My view of the recent crackdown on the DTP in Turkey

April 21, 2009

Jenny White has a good piece in her blog regarding recent developments in Turkey pertaining to the Democratic Society Party (DTP in Turkish), a party associated with the Kurdish rights movement.  Earlier this month, over 50 members of the DTP--including 9 provincial and 5 district party chairmen--have been arrested by Turkish security officials on the grounds that they support the Kurdish Worker's Party, or PKK.
The DTP is simultaneously fighting efforts, initiated by Public Prosecutor Abdurrahman Yalcinkaya (who also filed a closure case against the ruling AK Party last year), to close the party. Currently, there are 21 DTP members of parliament in Turkey, and the party controls seven municipalities.
Here are a couple of points which I think should be kept in mind when considering the recent arrests:

1) In the municipal elections of March 29, the DTP received just 5.42 percent of the vote nationally, but won big in the southeast of Turkey--which is largely Kurdish.

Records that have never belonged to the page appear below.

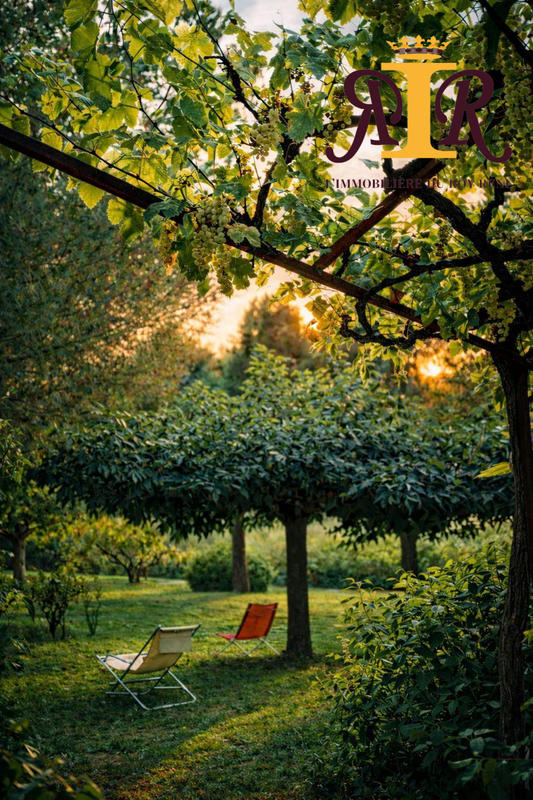 Maison traditionnelle - 288 m² - 9 pièces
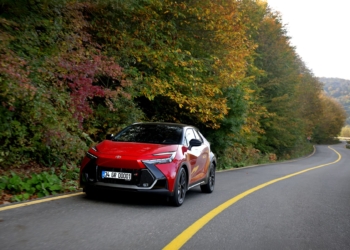 Toyota C-HR’a GR SPORT versiyon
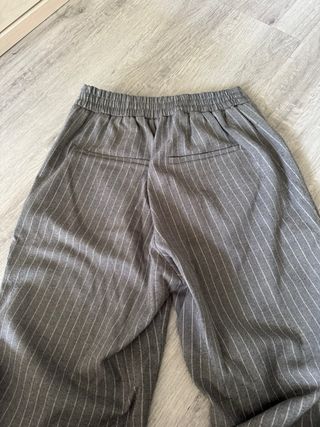 Pantalón de vestir gris con rayas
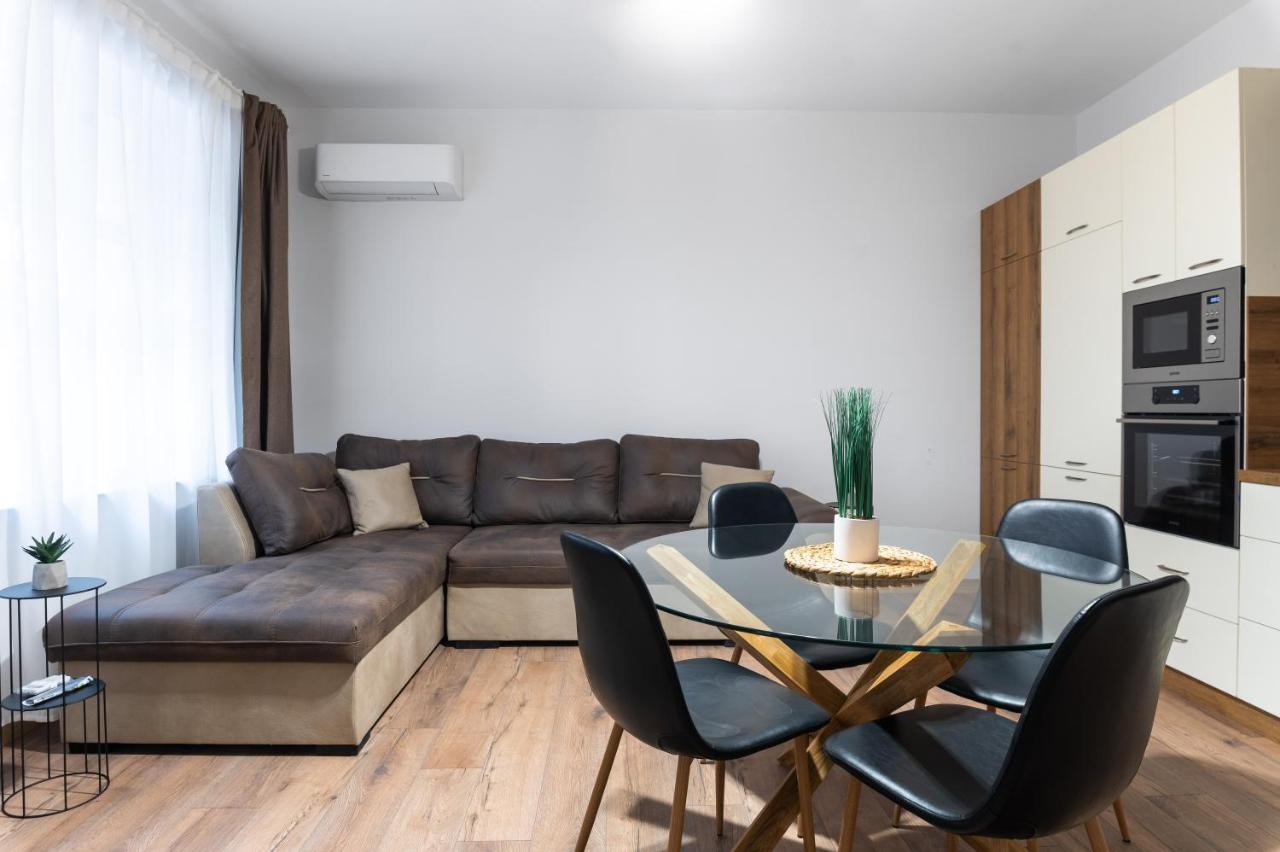 La Luna - High-End 2Bd Flat In The Top Centre By Flat Mаnager Sofia Exterior photo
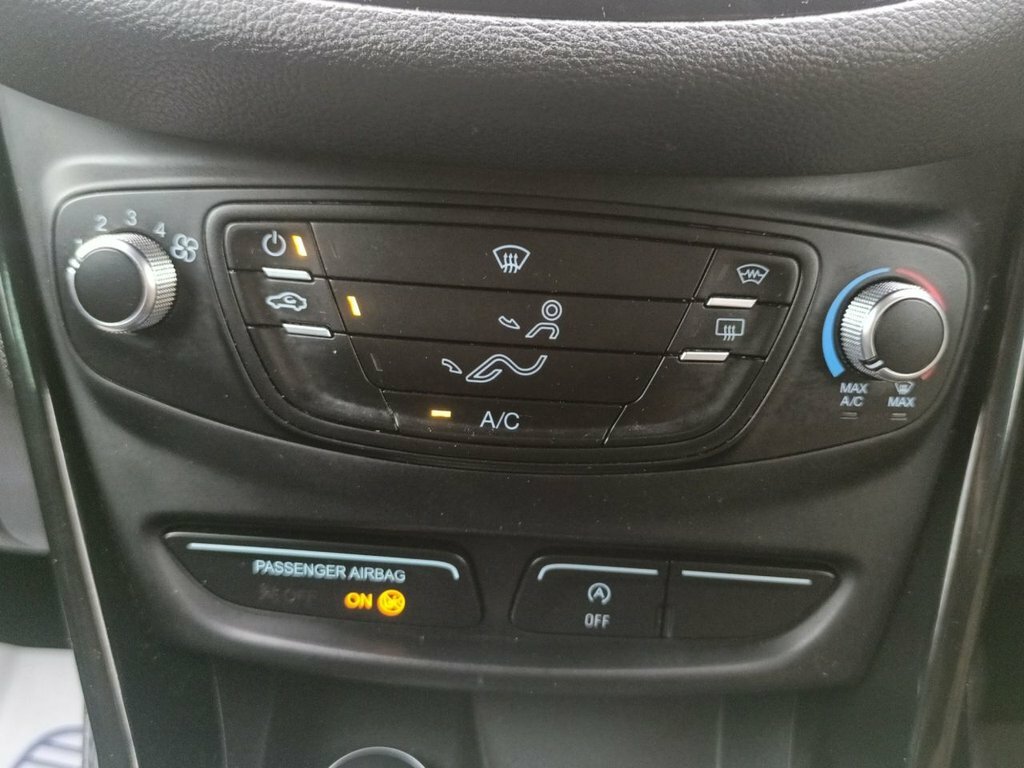 Ford B-Max 1.0 Titanium Navigator 123 Bhp Black #28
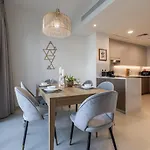 Spacious 3Bdr Townhouse I Garden I Tilal Al Ghaf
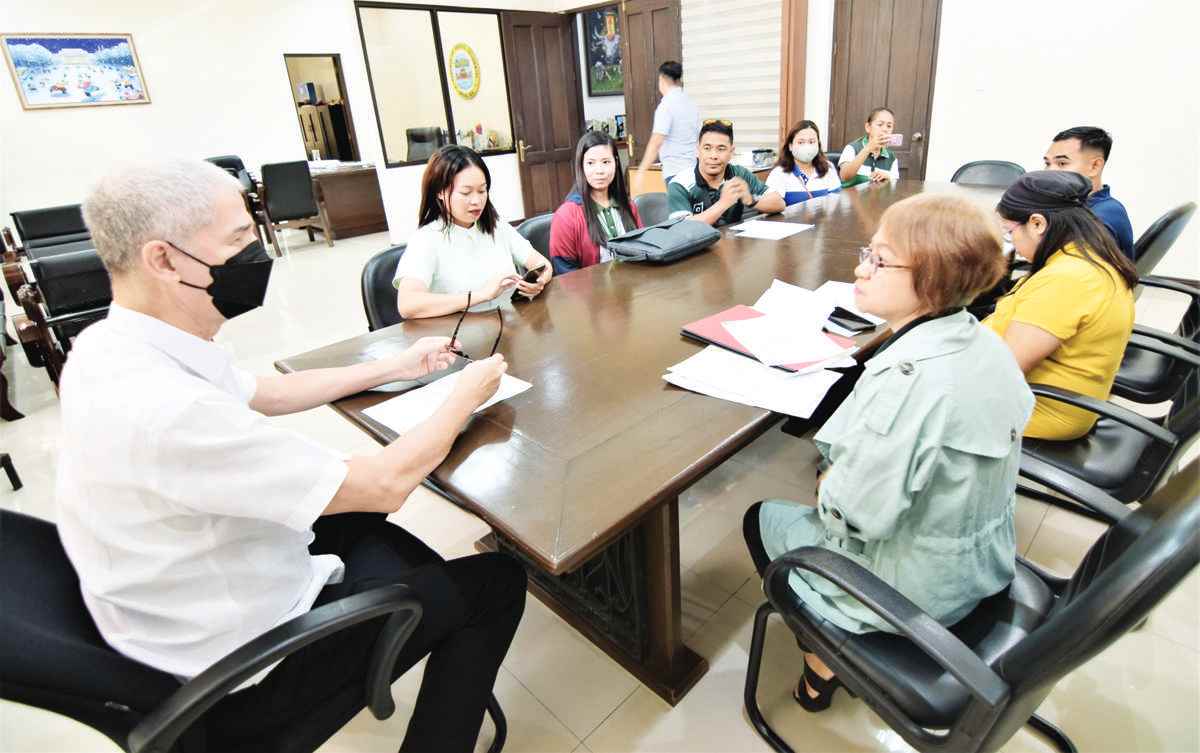 Negros Occidental Governor Eugenio Jose Lacson met with personnel from the Water Resources Management Division under the Department of Agriculture’s Bureau of Soil and Water Management for a briefing on the conduct of a joint area assessment for pre-cloud seeding operation yesterday, March 4, 2024. The project aims to boost precipitation, especially in agricultural areas, to lessen the effects of the El Niño phenomenon. (Negros Occidental provincial government photo)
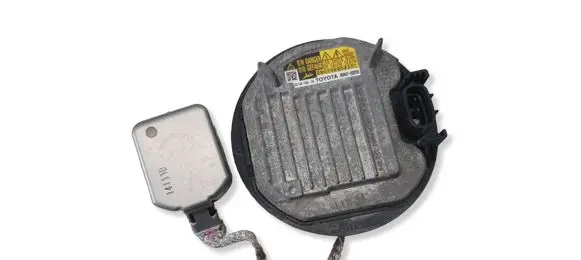 Toyota Auris E180 Headlight ballast module Xenon 8596702010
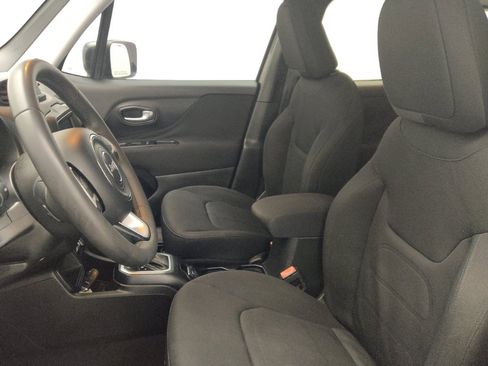 Used 2018 Jeep Renegade Latitude FWD image 17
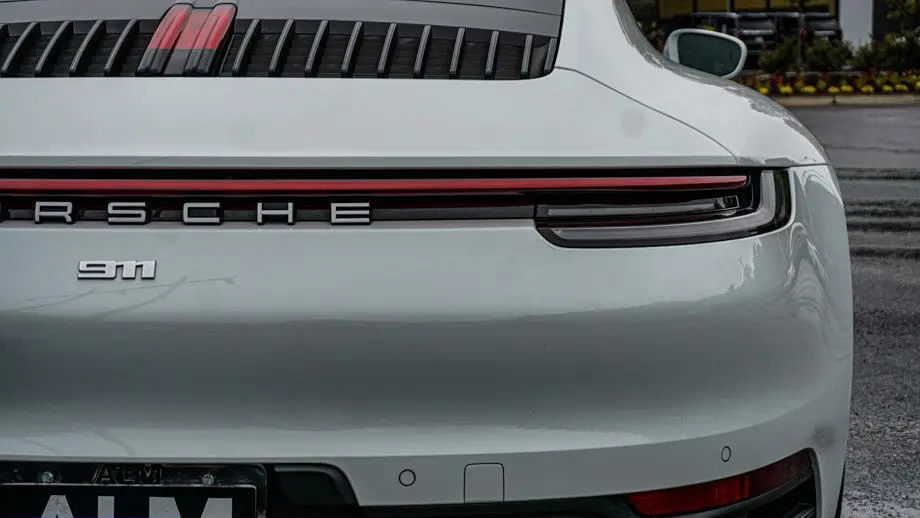 2020 Porsche 911 Carrera S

Of the seven municipalities that the party controls, four were won for the first time in the elections of last month--and all four were taken from the AK Party. The AK Party fought hard to win Kurdish votes in the southeast, and the AK Party and DTP are by far the two most important parties in the region. At the beginning of 2009, the government launched a state-run television station, TRT 6, which includes evening broadcasts in Kurdish,  while the AK Party governor of the province of Tunceli attempted to distribute more than 5 million Turkish Lira's worth of applicances and electronic goods in the run up to the March elections until the undertaking was shut down by the electoral commission. Ten days before the elections, Prime Minister Erdogan promised that he'd set up a Kurdish-language radio station and even spoke Kurdish himself at TRT 6's opening ceremony. During the election campaign, the AK Party put up advertisements in Kurdish in order to remind voters in the east of the country which party had given them state-run Kurdish television.


A Kurdish-language banner prior to the recent elections. On the far left side of the banner is the AK Party logo, a yellow light bulb, to the right of which is the logo for TRT 6


2) While the ruling party in parliament and the institutions of the state are technically separate in Turkey, the AK Party has been in power long enough (since 2003) to place many of their own people in positions of influence in the national police force (which are responsible to the ministry of internal affairs), as well as in other positions that are supposedly politically neutral. [The AK Party is hardly the first party in Turkey to fill state positions with its own people, but the AK Party has now had control of all government ministries for six years--the longest streak of single-party leadership in Turkey since the Motherland Party era from 1983-1991.] In what may or may not be a coincidence the Ergenekon investigation has been arresting military and civilian opponents of the AK Party since January of 2008, while the Turkish ministry of finance has recently fined the Dogan Group--which controls a number of newspapers critical of the AK Party government--a record $490 million. 
On the one hand, the recent arrests of DTP officials can certainly be seen as only the latest chapter in a long-running story of (relative) liberalization vis-a-vis Kurdish political parties, followed by closure. This has been the fate, after all, with DTP's predecessors, including HEP (closed in 1993), DEP (closed in 1994), and HADEP (closed in 2003). 
At the same time, however, I think the actions taken against the DTP, coming right after an election in which large numbers of Kurds supported the DTP over the AK Party despite Erdogan's intense efforts to win them over, are also in some ways especially reflective of events taking place in Turkey today. Whether it's the suit against the Dogan Group, university professors who opposed Erdogan's efforts to change the headscarf law,  journalists from opposition newspapers, or cartoonists and others who mock Erdogan personally, it's not at all uncommon in today's Turkey for groups and individuals who publicly repudiate Erdogan to eventually find themselves in one form of legal hot water or another. While pro-Kurdish political groups have often been targeted by state authorities in Turkey (when they've been allowed to exist at all), this particular crackdown can, I think, also be seen as part of a context that is sadly newer.